Depuis quelques années, on remarque un certain engouement du milieu éditorial pour tout ce qui touche à la Terre, à la nature et au sauvage. À chaque rentrée paraissent de nombreux ouvrages qui trahissent ce désir de se rapprocher du monde « sauvage ». Tout se passe comme si la nature était en vogue aujourd’hui. Comment expliqueriez-vous cet enthousiasme ?

Je crois que l’abandon des zones rurales, leur progressive désertification politique et démographique a laissé le champ libre à l’écriture. Les campagnes sont devenues des champs d’imagination et de création incroyables : des lieux à investir en littérature. C’est le polar qui s’est emparé de ce sujet en premier, et à sa suite – comme ce genre gagnait en légitimité aussi – une grande partie de la littérature contemporaine.

Mais l’intérêt est général, pas seulement littéraire ou artistique. Les auteurs s’attachent en fait à écrire ce souci écologique qui traverse notre époque. Comme la question écologique est médiatiquement et politiquement au premier plan, c’est tout à fait logique qu’elle resurgisse en littérature, au cinéma, dans la peinture.

D’ailleurs les lecteurs français ont depuis assez longtemps une sorte de fascination pour la littérature américaine des grands espaces : le succès de maisons comme Gallmeister, qui « cartonnent » en ne publiant que du nature writing, le prouve bien. En France, le roman de terroir ne se lit pourtant plus vraiment, alors même qu’il adopte le même angle d’écriture. Comme s’il suffisait de traverser l’océan pour qu’un sujet soit moins désuet : une sorte d’exotisme occidental, en somme. Peut-être commence-t-on à se dire qu’il n’y a pas besoin d’aller aussi loin : il n’y a pas de raison que les histoires d’Auvergne soient moins intéressantes que celles du Connecticut.

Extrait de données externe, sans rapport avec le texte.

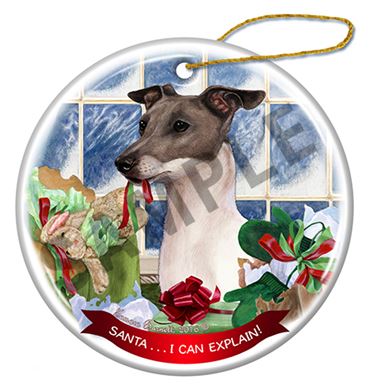 italian greyhound ornament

En parallèle à ce retour littéraire à la campagne, ne pourrait-on pas parler aussi d’une lassitude à l’égard de l’urbain ?

Je pense qu’on a épuisé la ville, et que la ville nous a épuisés en tant que lecteurs. À force de la raconter de toutes les façons possibles, on a développé une envie d’autre chose. Cette espèce de « retour à la terre » se nourrit d’ailleurs complètement de ce sentiment de trop-plein : on a trop écrit la ville, maintenant c’est son revers qu’on a envie d’explorer. Tout à coup, tout le monde se demande ce qu’il se passe dans la forêt, dans les champs... Des auteurs qui ont toujours écrit dessus se retrouvent maintenant sous les feux des projecteurs, beaucoup plus qu’avant en tout cas : Marie-Hélène Lafon, Franck Bouysse, Pierre Bergounioux, Marie Rouanet… On s’empresse de dire « qu’ils avaient raison », on les appelle « précurseurs », mais ça n’est pas qu’ils étaient là avant les autres : ils écrivent sur ce qui est important pour eux.

Dans vos  livres, même s’ils se développent tous dans des espaces ruraux, on a pourtant l’impression que la nature n’est pas un sujet, dans le sens où vous ne développez que peu sa description : elle apparaît davantage comme un cadre où développer idéalement vos histoires.

Je l’utilise comme un contexte, un paysage. Ce ne sont pas des romans contemplatifs, mais des histoires. Il me semble que mes enquêtes se situent toujours dans des endroits hors de la ville parce que c’est un terrain de jeu relativement libre, et parce que je ne peux écrire que sur ce qui m’émeut. Or, j’ai grandi dans ce genre d’endroits, j’y retourne tout le temps, mes livres se plaisent à ce genre d’espaces quelque peu délaissés, silencieux.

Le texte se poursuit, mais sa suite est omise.